This should follow marketplace flow, not introduce a separate install model.

That means:

  • registration remains apm marketplace add ... --name workbooks
  • install remains apm install code-review@workbooks
  • browse/search/update/remove continue to work under the marketplace command group
  • the implementation generalizes the marketplace source model rather than adding a second discovery subsystem with different UX

In short:

  • same install UX as current marketplaces
  • new marketplace backend for URL-based discovery indexes

Update Semantics

The issue should explicitly preserve the same update model APM already uses for marketplaces:

1. Marketplace index updates

These update discovery metadata, not the installed dependency itself.

For URL-backed marketplaces:

apm marketplace update workbooks

should:

  • re-fetch the registered URL-backed index
  • refresh the local marketplace cache
  • update what browse, search, and future name@marketplace resolutions see
  • not silently change already-installed skills in the project

2. Installed dependency updates

Installed skills should continue to be controlled by normal install/update flows and the lockfile.

That means:

  • apm install code-review@workbooks resolves using the current marketplace index
  • the resolved artifact URL, digest, and provenance are then written into apm.lock.yaml
  • once installed, the project stays pinned to what was resolved at install time
  • if the publisher later changes /.well-known/agent-skills/index.json, the existing project should not drift automatically
  • users must explicitly re-run install/update flows to adopt the newly published artifact

3. Publisher behavior at the well-known URL

Publishers manage updates by changing the well-known discovery index.

Examples of publisher-managed changes:

  • updating a skill's description
  • changing the artifact url
  • publishing a new digest
  • adding or removing skills from the index

APM should consume those changes only after the user refreshes marketplace metadata and then performs an install/update action.

4. Lockfile responsibility

The lockfile is the boundary between discovery and installation.

The well-known URL controls:

  • what skills are discoverable
  • what artifact URL and digest are currently advertised

The lockfile controls:

  • what artifact was actually installed in this project
  • what provenance should be shown later
  • whether future installs count as an update or remain unchanged

5. Required provenance for update management

To make update behavior clear and auditable, URL-backed marketplace installs should record at least:

  • marketplace name
  • marketplace source type
  • index URL and/or origin URL
  • resolved artifact URL at install time
  • digest from the index if present
  • locally computed content hash of the fetched skill artifact or fetched file set

This allows APM to distinguish:

  • marketplace metadata changed
  • publisher-advertised artifact changed
  • installed artifact changed
  • lockfile still points to the previous artifact

6. Digest-first update algorithm

When the discovery index provides a digest, APM should use it as the fast-path signal for update detection.

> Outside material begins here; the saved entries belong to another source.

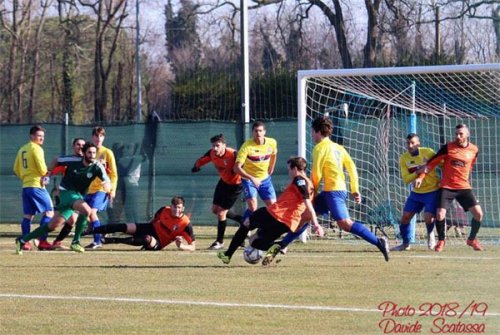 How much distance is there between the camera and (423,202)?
1606 cm

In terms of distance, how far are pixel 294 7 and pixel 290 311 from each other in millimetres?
22717

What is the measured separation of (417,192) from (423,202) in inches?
6.7

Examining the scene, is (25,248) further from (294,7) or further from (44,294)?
(294,7)

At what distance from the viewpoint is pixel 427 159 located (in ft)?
52.5

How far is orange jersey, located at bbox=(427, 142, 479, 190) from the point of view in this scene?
51.2 feet

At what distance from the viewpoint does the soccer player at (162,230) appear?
15883 millimetres

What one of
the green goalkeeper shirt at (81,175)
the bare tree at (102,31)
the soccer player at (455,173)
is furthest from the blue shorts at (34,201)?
the bare tree at (102,31)

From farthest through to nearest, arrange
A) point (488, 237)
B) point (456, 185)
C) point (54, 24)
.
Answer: point (54, 24) < point (488, 237) < point (456, 185)

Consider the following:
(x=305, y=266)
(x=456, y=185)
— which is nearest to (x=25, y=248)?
(x=305, y=266)

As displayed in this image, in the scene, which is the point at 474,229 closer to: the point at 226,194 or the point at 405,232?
the point at 405,232

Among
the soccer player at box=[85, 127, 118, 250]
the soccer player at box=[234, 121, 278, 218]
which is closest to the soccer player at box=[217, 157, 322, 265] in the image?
the soccer player at box=[234, 121, 278, 218]

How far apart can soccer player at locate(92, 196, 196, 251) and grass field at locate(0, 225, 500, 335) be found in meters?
0.59

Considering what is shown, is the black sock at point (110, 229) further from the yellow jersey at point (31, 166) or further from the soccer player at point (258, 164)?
the soccer player at point (258, 164)

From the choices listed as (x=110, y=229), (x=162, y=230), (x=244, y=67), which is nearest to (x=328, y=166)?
(x=162, y=230) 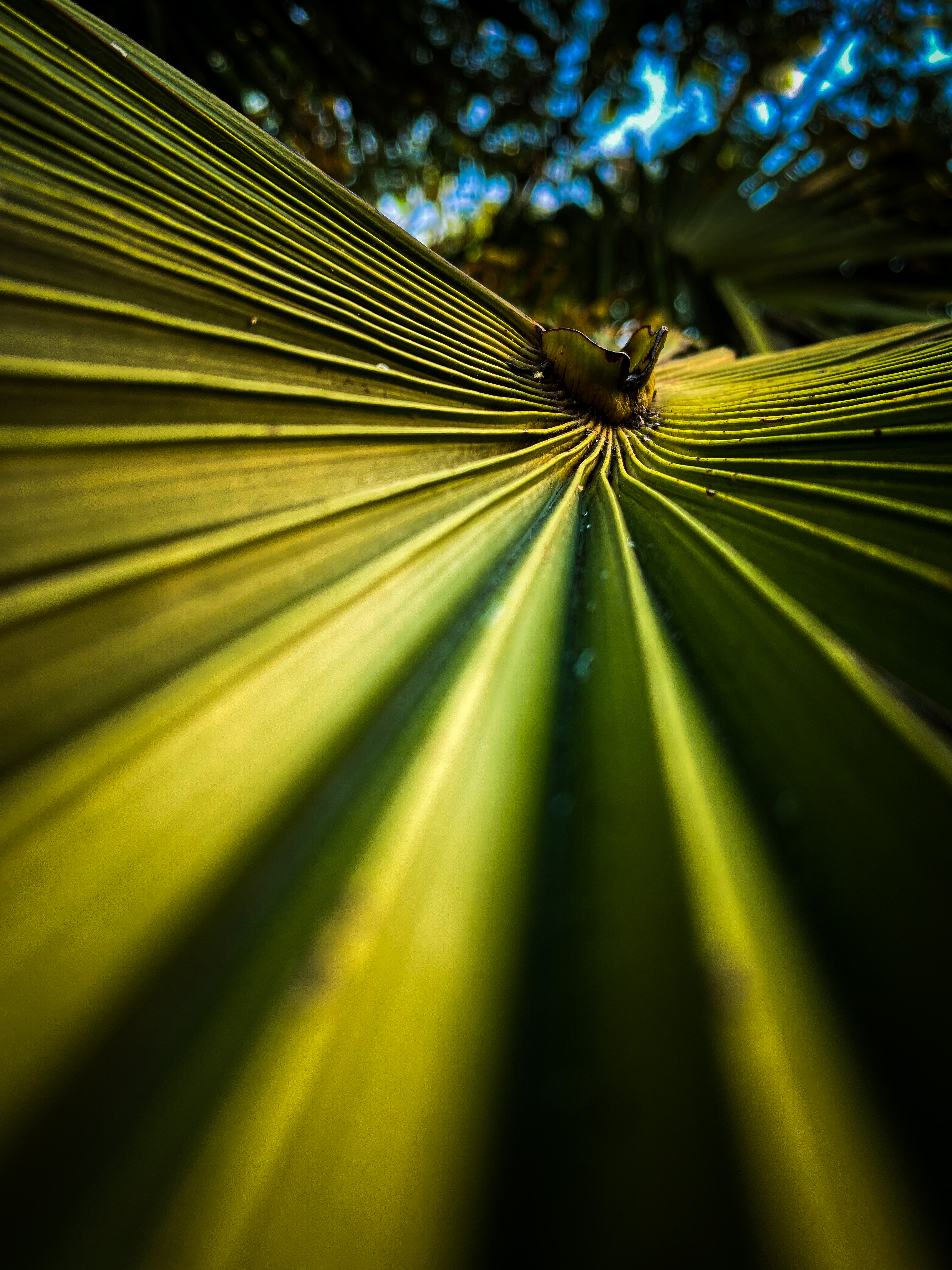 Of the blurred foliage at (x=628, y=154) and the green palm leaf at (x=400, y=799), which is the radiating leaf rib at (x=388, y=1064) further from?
the blurred foliage at (x=628, y=154)

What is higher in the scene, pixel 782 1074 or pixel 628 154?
pixel 628 154

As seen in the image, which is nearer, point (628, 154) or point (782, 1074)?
point (782, 1074)

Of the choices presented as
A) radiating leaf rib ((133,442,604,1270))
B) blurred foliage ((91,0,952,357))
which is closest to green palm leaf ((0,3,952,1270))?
radiating leaf rib ((133,442,604,1270))

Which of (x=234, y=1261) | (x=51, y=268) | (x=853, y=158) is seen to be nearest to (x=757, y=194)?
(x=853, y=158)

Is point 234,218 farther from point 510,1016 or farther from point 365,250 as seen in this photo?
point 510,1016

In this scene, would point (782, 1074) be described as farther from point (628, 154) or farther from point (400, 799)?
point (628, 154)

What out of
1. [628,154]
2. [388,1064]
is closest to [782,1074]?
[388,1064]

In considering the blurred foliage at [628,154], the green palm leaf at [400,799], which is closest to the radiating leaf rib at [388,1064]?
the green palm leaf at [400,799] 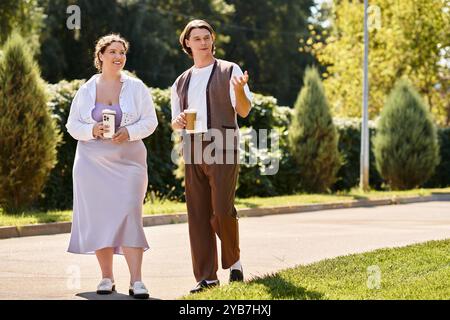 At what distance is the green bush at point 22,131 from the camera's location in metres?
15.8

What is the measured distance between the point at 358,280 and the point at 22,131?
8983mm

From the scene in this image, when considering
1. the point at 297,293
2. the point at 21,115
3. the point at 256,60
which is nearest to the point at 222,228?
the point at 297,293

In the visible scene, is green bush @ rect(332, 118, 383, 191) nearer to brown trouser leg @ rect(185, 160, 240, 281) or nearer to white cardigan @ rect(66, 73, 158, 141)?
brown trouser leg @ rect(185, 160, 240, 281)

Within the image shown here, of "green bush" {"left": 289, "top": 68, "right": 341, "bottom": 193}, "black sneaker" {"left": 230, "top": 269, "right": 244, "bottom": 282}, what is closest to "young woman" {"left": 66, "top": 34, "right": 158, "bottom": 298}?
"black sneaker" {"left": 230, "top": 269, "right": 244, "bottom": 282}

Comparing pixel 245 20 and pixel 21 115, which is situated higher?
pixel 245 20

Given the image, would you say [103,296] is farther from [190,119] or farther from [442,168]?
[442,168]

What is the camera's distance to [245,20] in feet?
188

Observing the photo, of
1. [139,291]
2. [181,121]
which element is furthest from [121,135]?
[139,291]

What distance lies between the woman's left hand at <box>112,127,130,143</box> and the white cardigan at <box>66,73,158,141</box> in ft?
0.26

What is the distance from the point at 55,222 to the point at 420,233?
5.28 m

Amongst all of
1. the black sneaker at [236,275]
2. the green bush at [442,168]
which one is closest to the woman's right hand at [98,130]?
the black sneaker at [236,275]

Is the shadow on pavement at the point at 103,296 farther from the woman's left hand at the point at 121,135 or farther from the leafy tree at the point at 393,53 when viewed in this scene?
the leafy tree at the point at 393,53

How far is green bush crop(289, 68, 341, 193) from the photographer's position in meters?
23.7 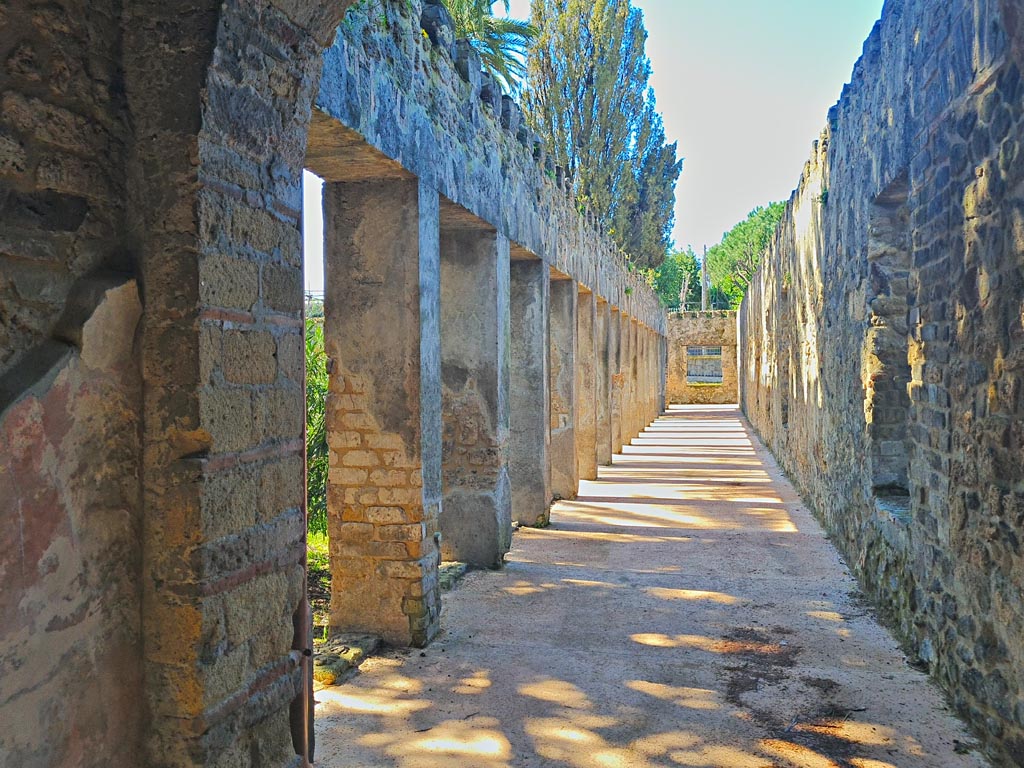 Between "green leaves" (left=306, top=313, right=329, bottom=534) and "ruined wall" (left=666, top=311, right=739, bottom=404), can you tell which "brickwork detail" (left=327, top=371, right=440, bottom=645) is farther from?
"ruined wall" (left=666, top=311, right=739, bottom=404)

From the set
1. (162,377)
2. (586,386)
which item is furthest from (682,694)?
(586,386)

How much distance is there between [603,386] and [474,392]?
675 cm

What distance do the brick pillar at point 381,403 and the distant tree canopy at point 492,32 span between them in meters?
9.96

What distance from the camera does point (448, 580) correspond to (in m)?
6.48

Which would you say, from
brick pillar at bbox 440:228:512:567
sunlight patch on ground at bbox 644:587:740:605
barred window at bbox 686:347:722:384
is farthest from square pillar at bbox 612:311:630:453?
barred window at bbox 686:347:722:384

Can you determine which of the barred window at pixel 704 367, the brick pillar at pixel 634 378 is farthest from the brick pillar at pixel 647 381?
the barred window at pixel 704 367

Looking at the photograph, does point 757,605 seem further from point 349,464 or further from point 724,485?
point 724,485

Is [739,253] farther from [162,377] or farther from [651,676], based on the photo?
[162,377]

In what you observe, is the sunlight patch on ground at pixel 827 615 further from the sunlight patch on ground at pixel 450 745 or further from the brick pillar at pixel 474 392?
the sunlight patch on ground at pixel 450 745

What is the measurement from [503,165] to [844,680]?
14.8 feet

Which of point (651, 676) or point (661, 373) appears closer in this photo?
point (651, 676)

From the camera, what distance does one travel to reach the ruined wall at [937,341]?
11.1 feet

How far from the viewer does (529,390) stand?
8648mm

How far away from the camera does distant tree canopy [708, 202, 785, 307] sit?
4947 cm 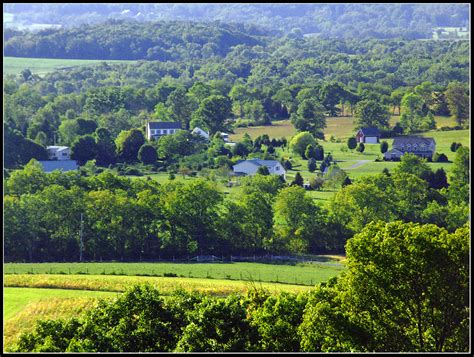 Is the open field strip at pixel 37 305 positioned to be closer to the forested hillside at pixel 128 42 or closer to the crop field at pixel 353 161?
the crop field at pixel 353 161

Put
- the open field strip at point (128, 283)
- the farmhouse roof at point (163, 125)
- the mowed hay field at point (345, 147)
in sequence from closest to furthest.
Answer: the open field strip at point (128, 283) < the mowed hay field at point (345, 147) < the farmhouse roof at point (163, 125)

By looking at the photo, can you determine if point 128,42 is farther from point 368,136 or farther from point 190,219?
point 190,219

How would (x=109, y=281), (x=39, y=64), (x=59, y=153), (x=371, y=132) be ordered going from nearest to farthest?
(x=109, y=281), (x=59, y=153), (x=371, y=132), (x=39, y=64)

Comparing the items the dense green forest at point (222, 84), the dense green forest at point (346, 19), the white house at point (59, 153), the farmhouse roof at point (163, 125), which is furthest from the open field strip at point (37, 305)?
the dense green forest at point (346, 19)

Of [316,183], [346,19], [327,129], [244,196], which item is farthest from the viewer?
[346,19]

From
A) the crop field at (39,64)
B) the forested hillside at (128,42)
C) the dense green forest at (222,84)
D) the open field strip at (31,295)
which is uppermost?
the forested hillside at (128,42)

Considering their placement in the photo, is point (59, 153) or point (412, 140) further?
point (412, 140)

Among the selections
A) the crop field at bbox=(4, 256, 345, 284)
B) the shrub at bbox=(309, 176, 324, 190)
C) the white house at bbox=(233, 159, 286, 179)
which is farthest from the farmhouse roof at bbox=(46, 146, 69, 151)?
the crop field at bbox=(4, 256, 345, 284)

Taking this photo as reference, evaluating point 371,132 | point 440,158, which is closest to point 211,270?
point 440,158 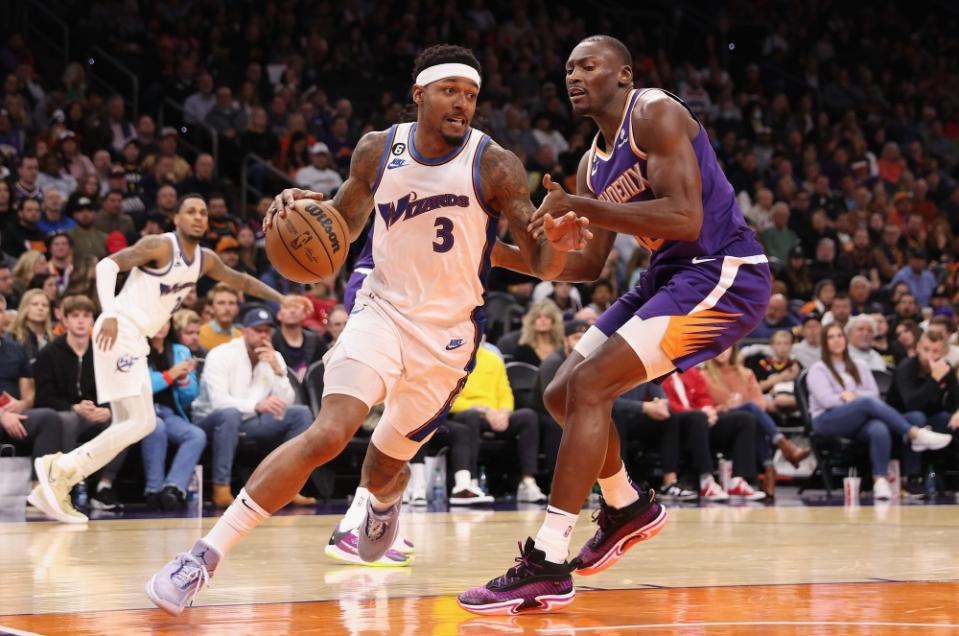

Recommended behavior during explicit install/update flows:

  1. Resolve skill-name@marketplace against the latest marketplace index.
  2. If the index provides a digest:
  • compare the advertised digest to the digest stored in the lockfile
  • if the digest matches, treat the install as a no-op unless the user explicitly forces a reinstall
  • if the digest differs, fetch the artifact and verify the fetched content matches the advertised digest before accepting the update
  1. If the index does not provide a digest:
  • fetch the skill files needed for installation
  • compute a deterministic local content hash
  • compare that hash to the value stored in the lockfile
  1. After a successful install/update:
  • store the advertised digest if present
  • store the locally computed content hash

This gives APM two useful signals:

  • publisher digest for cheap update detection
  • local content hash for integrity verification and fallback when digest is missing

7. Metadata-only changes

If only index metadata changes, such as:

  • description text
  • ordering in the index
  • non-install-affecting index fields

and the digest or local content hash does not change, APM should treat the installed skill as unchanged.

Scope

In scope

  • allow apm marketplace add <URL> --name <marketplace>
  • support well-known Agent Skills indexes as a marketplace backend
  • resolve skill-name@marketplace-name against the registered URL-based index
  • download and install the selected skill through the existing APM install pipeline
  • persist provenance in apm.lock.yaml
  • add trust/policy controls for URL-based marketplace origins
  • document the new registration flow
  • document how marketplace metadata updates differ from installed dependency updates
  • document digest-first update checks with local hash fallback

Out of scope for the first iteration

  • replacing the existing Git-based marketplace flow
  • publisher tooling for generating /.well-known/agent-skills/
  • arbitrary multi-origin search/federation
  • background crawling outside explicit marketplace registration
  • remote activation without install/lockfile resolution
  • automatic background upgrade of installed skills when the well-known index changes

Detailed Plan

1. Generalize the marketplace source model

Goal: make one marketplace registry capable of storing either repo-backed sources or URL-backed sources.

Steps:

  • Review the current MarketplaceSource shape in src/apm_cli/marketplace/models.py and list which fields are GitHub/repo-specific.
  • Add a source_type discriminator such as repo, url_index, or well_known.
  • Add URL-capable fields such as url, index_url, and optional origin_url.
  • Decide which fields are required for each source type.
  • Update to_dict() so repo-backed entries serialize exactly as they do today unless new fields are needed.
  • Update from_dict() to load both old registry entries and new URL-backed entries.
  • Keep existing registry files valid without migration if possible.
  • If migration is required, add a one-time compatibility path and document it in code comments.

Definition of done:

  • Existing repo-backed marketplace entries still load unchanged.
  • New URL-backed marketplace entries can be persisted and reloaded.
  • ~/.apm/marketplaces.json can contain a mix of both source types.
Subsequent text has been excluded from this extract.